Assistant Professor, MIT
Title: Dynamics of light harvesting: Understanding & optimizing energy transport
Abstract: In photosynthetic light harvesting, absorbed energy migrates through a protein network to reach a dedicated location for conversion to chemical energy. The migration and conversion occurs with remarkable near-unity quantum efficiency. This process begins with a series of femto- to picosecond energy transfer steps controlled by the pigments and their environment. We describe the development of a bioinspired light-harvesting system constructed using DNA origami. Through this system, we explore how delocalized excited states can enhance the efficiency of energy transfer. In addition, the development of broadband ultrafast 2D electronic spectroscopy to probe energy transfer dynamics across the visible regime is discussed.

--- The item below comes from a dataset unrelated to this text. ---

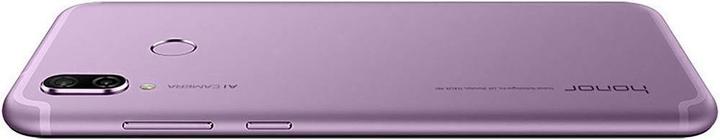 Actual product image Honor Play (64 GB, Violet, 6.30", Hybrid Dual SIM, 16 Mpx, 4G)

Biography: Gabriela Schlau-Cohen is the Thomas D. and Virginia W. Cabot Career Development Assistant Professor in the Department of Chemistry at the Massachusetts Institute of Technology. Her research group uses single-molecule spectroscopy and ultrafast spectroscopy to explore the energetic and structural dynamics of biological systems. She joined the faculty of MIT in 2015. Prior to MIT, she was a Postdoctoral Fellow of the Center for Molecular Analysis and Design at Stanford University, where she worked with Prof. W.E. Moerner. Dr. Schlau-Cohen received her PhD in Physical Chemistry in 2011 from the University of California, Berkeley, where she worked in the lab of Prof. Graham Fleming as an AAUW American Fellow. She received her B.S. in Chemical Physics in 2003 from Brown University. She is the recipient of a the NIH Director’s New Innovator Award, the Beckman Young Investigator Award, the Smith Family Award for Excellence in Biomedical Research, the Sloan Research Fellowship in Chemistry and she was selected as a CIFAR Azrieli Global Scholar.